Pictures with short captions

-- Opening Marker --

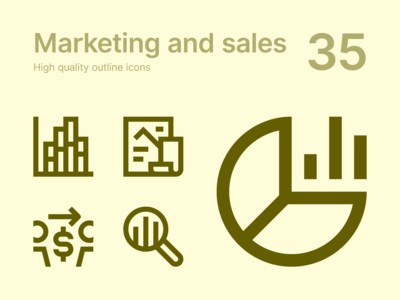 市场营销和销售图标(Marketing and Sales icons)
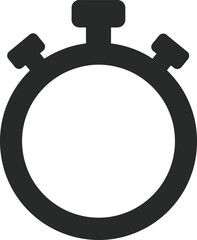 Simple black silhouette of a stopwatch, highlighting the circular shape and two handles.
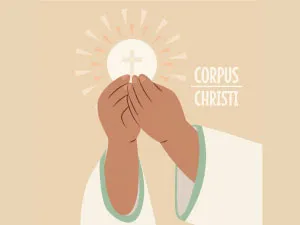Imagen de unas manos y el Corpus Christi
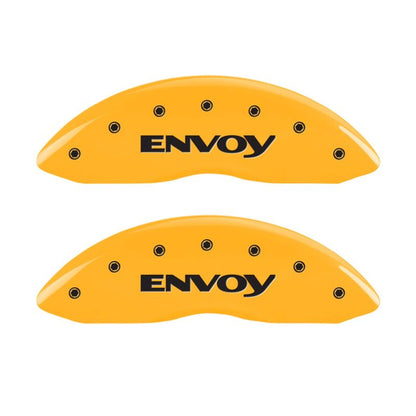 MGP 4 Caliper Covers Engraved Front & Rear Envoy Yellow Finish Black Char 2009 GMC Envoy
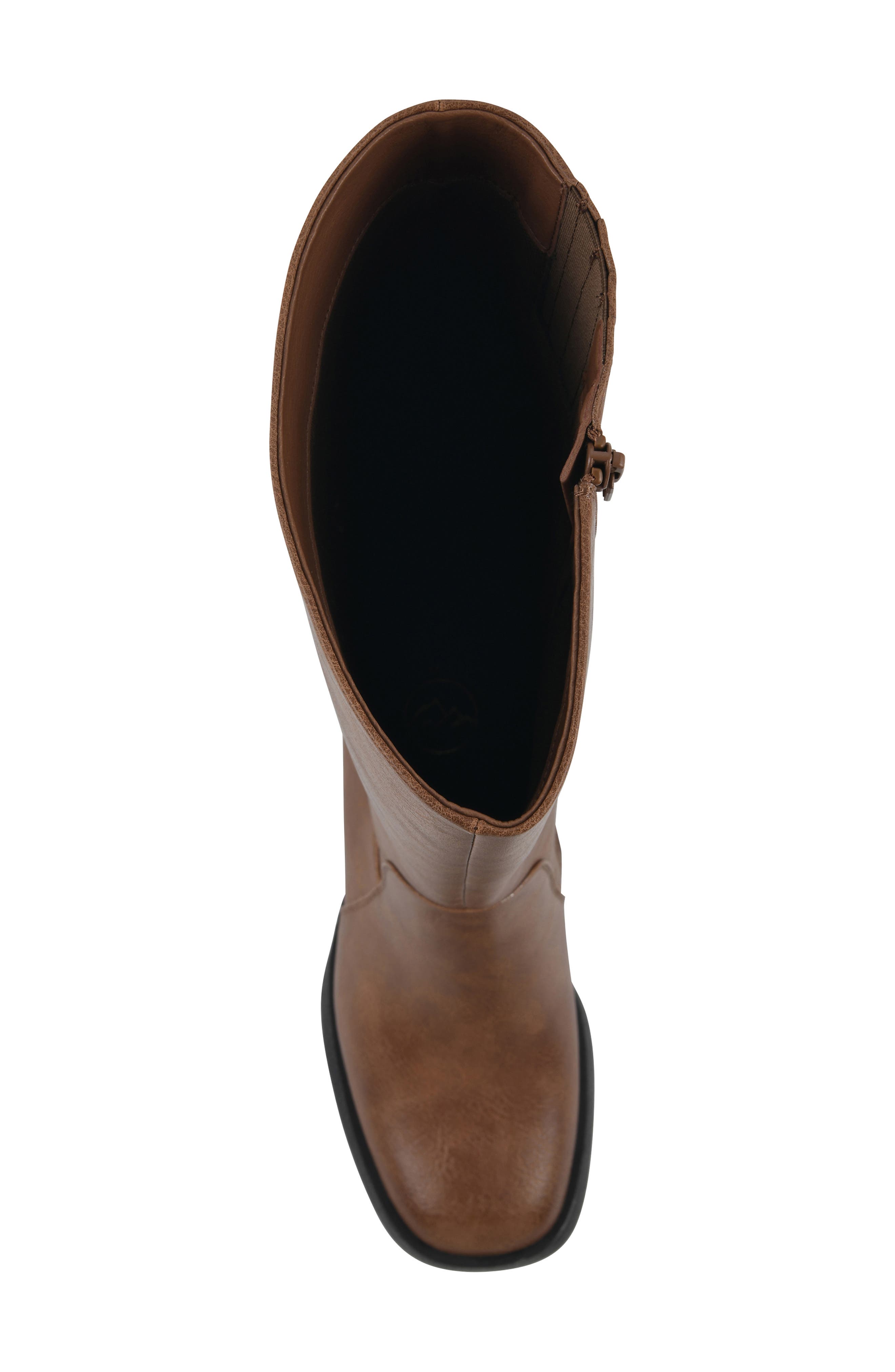 White Mountain Footwear Mackle Tall Shaft Block Heel Boot, Alternate, color, Dark Natural/ Smooth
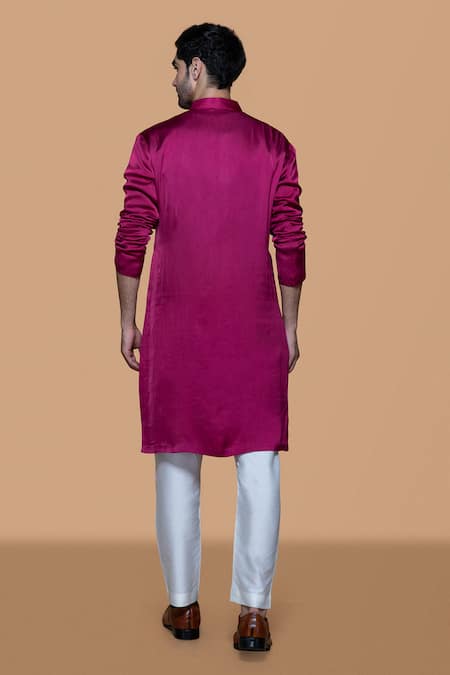 Shop Sanjev Marwaaha Magenta Cotton, Silk, Modal Zari, Sequins Zardozi Embroidered Kurta With Pant at Aza Fashions Shop_Sanjev Marwaaha_Magenta Cotton, Silk, Modal Zari, Sequins Zardozi Embroidered Kurta With Pant_at_Aza_Fashions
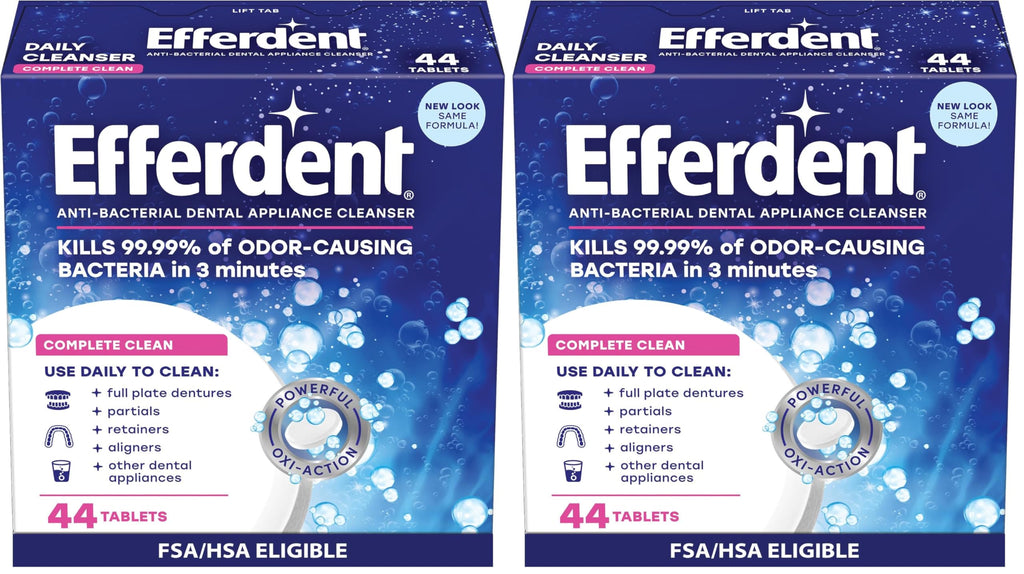Buy now Efferdent Denture Cleaner Tablets â€“ Dental Appliances, Aligners, Mouth Guard, and Retainer Cleaner Tablets, Complete Clean, 126 Count at indiglob india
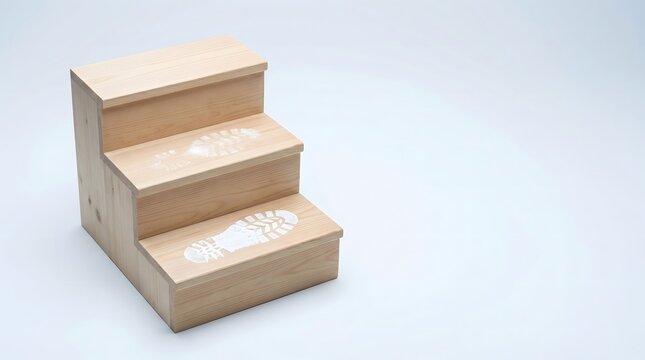 Three plain wooden steps with clear human bootprint on lowest step fading to nothing on top step on white surface, human handover to automation AI replacement last human step tech ethics concept art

-- Closing Marker --

* _EXERCISE DETAILS_
Pictures aside, return exactly the lines from the data above, starting at the line that has "White Mountain Footwear" and ending at the line that has "Buy now Efferdent", both included.

* _COMPLETED TASK_
 White Mountain Footwear Mackle Tall Shaft Block Heel Boot, Alternate, color, Dark Natural/ Smooth
 Shop Sanjev Marwaaha Magenta Cotton, Silk, Modal Zari, Sequins Zardozi Embroidered Kurta With Pant at Aza Fashions Shop_Sanjev Marwaaha_Magenta Cotton, Silk, Modal Zari, Sequins Zardozi Embroidered Kurta With Pant_at_Aza_Fashions
Buy now Efferdent Denture Cleaner Tablets â€“ Dental Appliances, Aligners, Mouth Guard, and Retainer Cleaner Tablets, Complete Clean, 126 Count at indiglob india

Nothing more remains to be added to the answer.